◆ **Data block**:

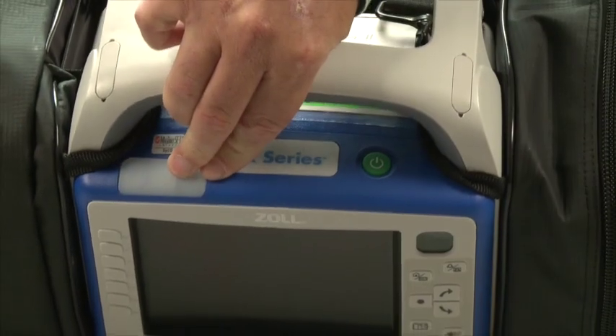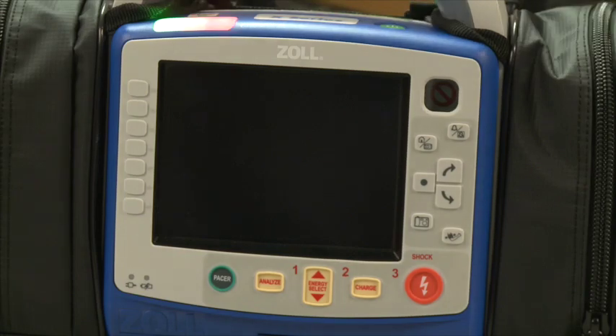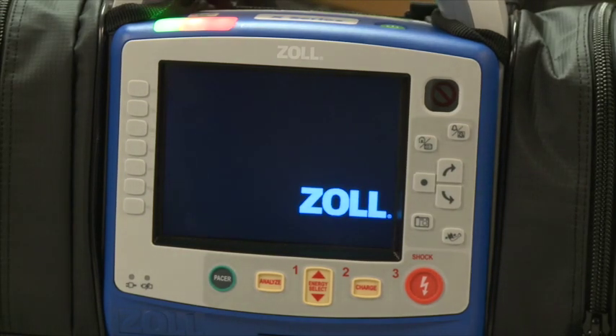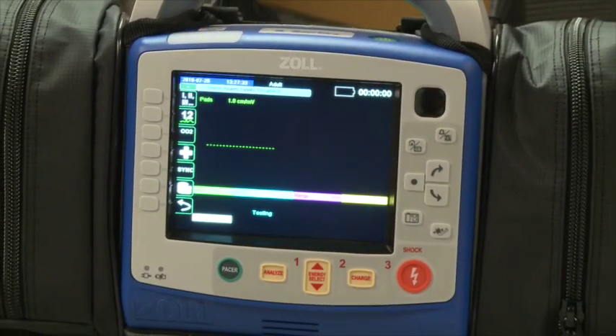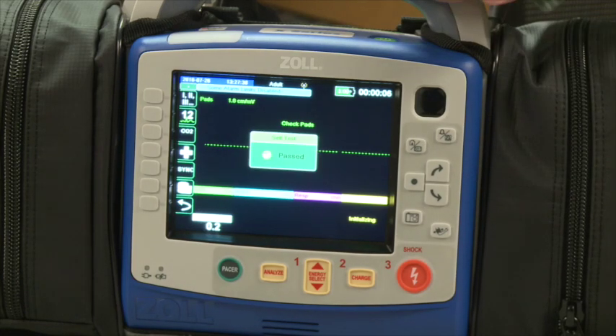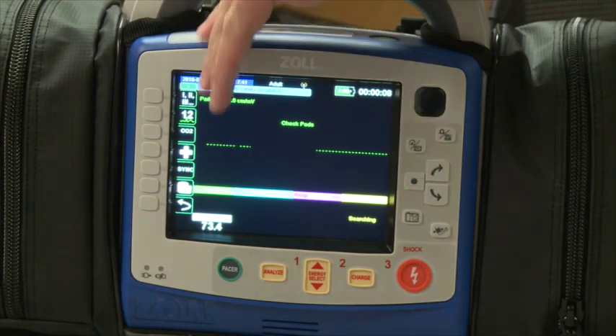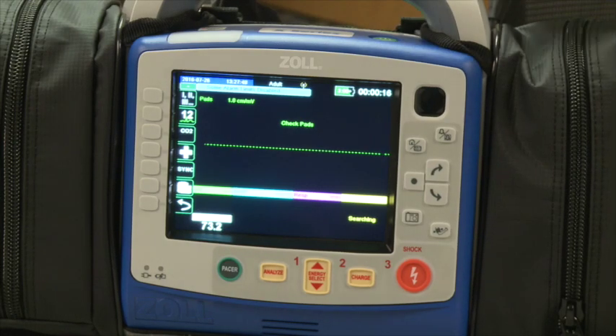The green power button on top turns the device on. It will do a self-test every time it's turned on — you'll see a series of lights come across the top of the screen as well as an inset box saying 'self-test passed.' Keep in mind these devices can be configured any way you want. If you'd like the screen to present differently or a different view, let one of the supervisors know and they can change that for you.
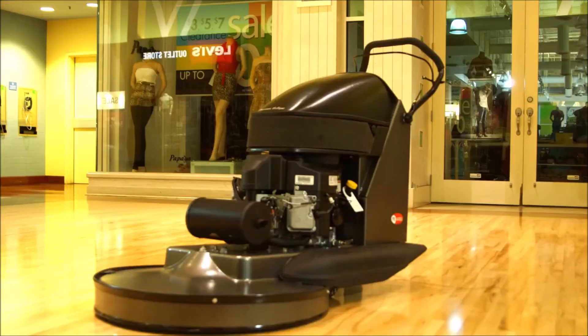Now that we've covered propane safety, let's discuss operation and maintenance of these machines. Before starting any job there are a few things you need to check on your machine.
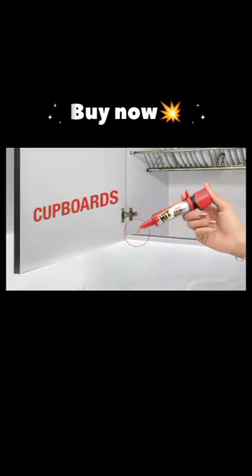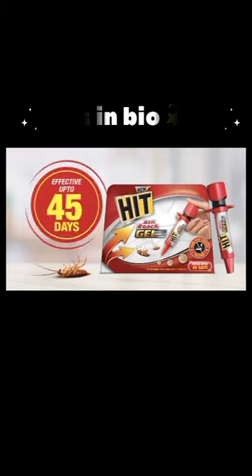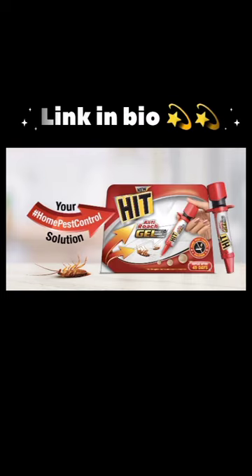drainage outlets, cupboards, near gas cylinder. HIT Anti-Road Gel kills cockroaches with no smell, no mess and is effective up to 45 days. Get your home pest control solution now.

◆ **Exercise**: Copy each line above exactly, with no images.

◆ **Task output**:
The green power button on top turns the device on. It will do a self-test every time it's turned on — you'll see a series of lights come across the top of the screen as well as an inset box saying 'self-test passed.' Keep in mind these devices can be configured any way you want. If you'd like the screen to present differently or a different view, let one of the supervisors know and they can change that for you.
Now that we've covered propane safety, let's discuss operation and maintenance of these machines. Before starting any job there are a few things you need to check on your machine.
drainage outlets, cupboards, near gas cylinder. HIT Anti-Road Gel kills cockroaches with no smell, no mess and is effective up to 45 days. Get your home pest control solution now.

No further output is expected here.